Six Recommendations for Resolving a Major IT Incident
Your operations manager has discovered an anomaly in your security system. The business will start to suffer within 15 minutes if it is a major IT incident. What should she do? We have some definite recommendations for managing major incidents.
1. Define a Major Incident
Before your operations manager can determine whether the incident is critical, she has to have a definition for comparison. There is no official definition, so your organization has to have its own. ITIL recommends using three criteria:
• Urgency: Effect on important business deadlines
• Impact: Impact to the business’s finances, reputation and viability
• Severity: Impact to end users, including employees and customers
Share the definition with your operations managers and major incident managers, and put them through training and practices so they’re ready when they’re under pressure.
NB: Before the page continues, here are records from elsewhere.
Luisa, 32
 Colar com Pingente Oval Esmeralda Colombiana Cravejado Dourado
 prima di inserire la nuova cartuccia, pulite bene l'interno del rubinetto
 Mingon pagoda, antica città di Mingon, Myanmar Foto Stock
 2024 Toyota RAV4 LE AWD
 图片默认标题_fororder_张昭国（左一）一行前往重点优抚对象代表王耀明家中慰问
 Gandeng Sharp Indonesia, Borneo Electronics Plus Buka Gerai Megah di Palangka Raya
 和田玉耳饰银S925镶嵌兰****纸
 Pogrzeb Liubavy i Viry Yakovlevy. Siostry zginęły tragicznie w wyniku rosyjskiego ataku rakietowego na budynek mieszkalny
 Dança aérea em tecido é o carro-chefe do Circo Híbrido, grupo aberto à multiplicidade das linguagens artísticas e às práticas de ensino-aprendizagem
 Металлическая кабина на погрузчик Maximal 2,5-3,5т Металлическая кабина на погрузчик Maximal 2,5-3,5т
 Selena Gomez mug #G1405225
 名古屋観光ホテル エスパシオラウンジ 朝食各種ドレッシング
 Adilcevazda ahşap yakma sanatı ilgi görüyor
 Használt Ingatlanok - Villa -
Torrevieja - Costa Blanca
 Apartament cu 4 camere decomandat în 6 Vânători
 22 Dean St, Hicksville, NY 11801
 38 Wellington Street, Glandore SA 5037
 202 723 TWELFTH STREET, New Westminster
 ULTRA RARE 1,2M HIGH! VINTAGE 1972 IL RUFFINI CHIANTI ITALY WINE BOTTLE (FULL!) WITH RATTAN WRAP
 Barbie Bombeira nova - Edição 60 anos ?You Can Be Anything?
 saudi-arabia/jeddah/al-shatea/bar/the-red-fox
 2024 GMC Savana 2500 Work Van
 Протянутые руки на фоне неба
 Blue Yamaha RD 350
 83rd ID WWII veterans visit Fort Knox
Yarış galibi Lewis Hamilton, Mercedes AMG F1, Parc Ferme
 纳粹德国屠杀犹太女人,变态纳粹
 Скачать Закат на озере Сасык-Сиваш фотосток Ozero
Bottom line: If you don’t define a major incident, you’re setting up your resolution team for failure.
2. Establish Incident Processes
So your operations manager determines that it is a major incident. Now what? If she has to decide what the next step is, those 15 minutes to business impact will tick away very quickly.
Establish a very clear process, and share it with everyone who might have to use it. Key ingredients include:
• Establish resolution processes for less critical issues so your major incident managers don’t receive false alarms.
• Encourage all people who touch the resolution process to update their contact information in xMatters, and set up groups with on-call and vacation schedules.
• Automate who should receive alerts, and practice the resolution process so everyone knows what’s happening at each stage in the process.
Bottom line: Establish a clear process and make sure everyone knows how to execute it.
3. Be Transparent with Closed-Loop Integrations
NBN reduced follow-up calls to the service desk by 75% by proactively communicating to customers and other key stakeholders. – NBN Case Study
Businesses like to showcase a high number of integrations, but sometimes the depth matters more than the number. When ServiceNow sends an alert, xMatters automatically logs all the communication events in the originating ServiceNow system. So no matter who is reviewing logs, everything that happened is transparent. This helps both during the incident and for a post-morten after an incident.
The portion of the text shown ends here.